DeepInspect ties the developer's AB 2013 disclosure to the deployer's per-decision audit log. The audit row carries the model identifier, the URL of the developer's disclosure at the time of the decision, and the version pointer. The audit pipeline retains the pointer alongside the decision; the deployer's record of which model produced which decision under which disclosure is reconstructable.

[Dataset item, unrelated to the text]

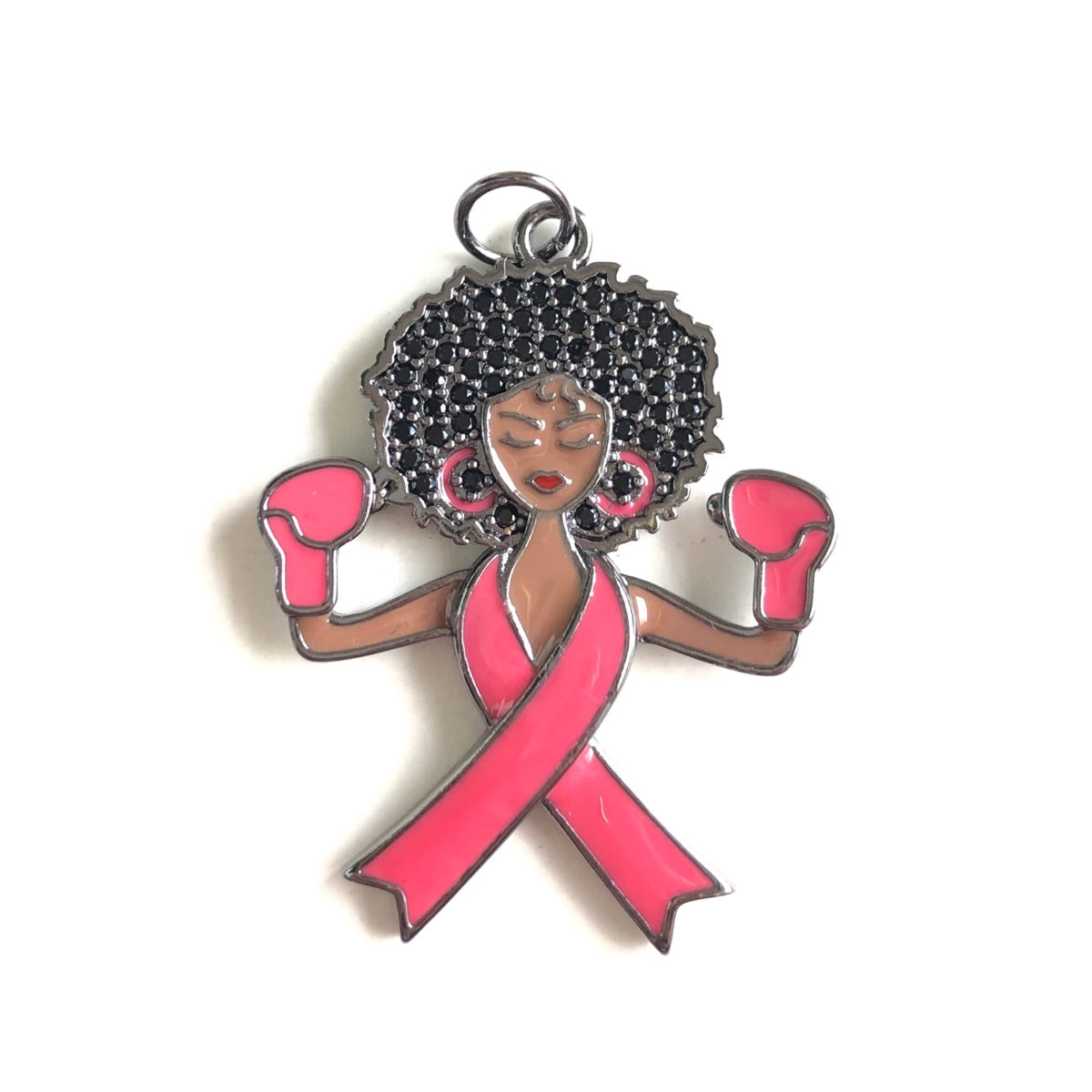 10pcs/lot Pink Ribbon Black Girl Boxer Charms for Breast Cancer Awareness Black on Black CZ Paved Charms Afro Girl/Queen Charms Breast Cancer Awareness New Charms Arrivals Charms Beads Beyond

The gateway runs in-line with sub-50ms p95 enforcement overhead from internal DeepInspect testing. The deployer's own AB 2013 obligation (where the deployer is also a developer or fine-tuner) resolves against the same audit pipeline. Book a mapping session at deepinspect.ai to walk through the developer-deployer split against your current AI provider mix.

Frequently asked questions

Does AB 2013 apply to my company if we just use a model someone else trained?

The disclosure obligation falls on the developer. A pure user of a third-party model has no AB 2013 publication obligation but should reference the developer's disclosure in its own AI procurement and DPIA documentation.

What about fine-tuned models?

A fine-tuned model is treated as a new generative AI system or service if the modification is substantial. The fine-tuner takes on the disclosure obligation for the fine-tuning data, alongside the base model developer's disclosure for the base data.

How does this interact with the EU AI Act Article 53 summary?

Article 53 covers GPAI providers placing models on the EU market. AB 2013 covers developers making systems available to Californians. A model provider operating in both markets typically prepares a single summary that satisfies both, with the AB 2013-specific fields covered alongside the Article 53 elements.

What if the developer's disclosure changes after we sign?

The procurement record references the disclosure version at signing. The deployer's audit log captures the version pointer per decision. A material change to the disclosure is a procurement-review trigger; the audit log lets the deployer reconstruct which version applied to which decisions.

Does the disclosure tell us about model bias or accuracy?

No. AB 2013 covers training data, not model behavior. Bias and accuracy questions go through a separate evaluation, which is what the EU AI Act FRIA and the NYC LL 144 bias audit cover.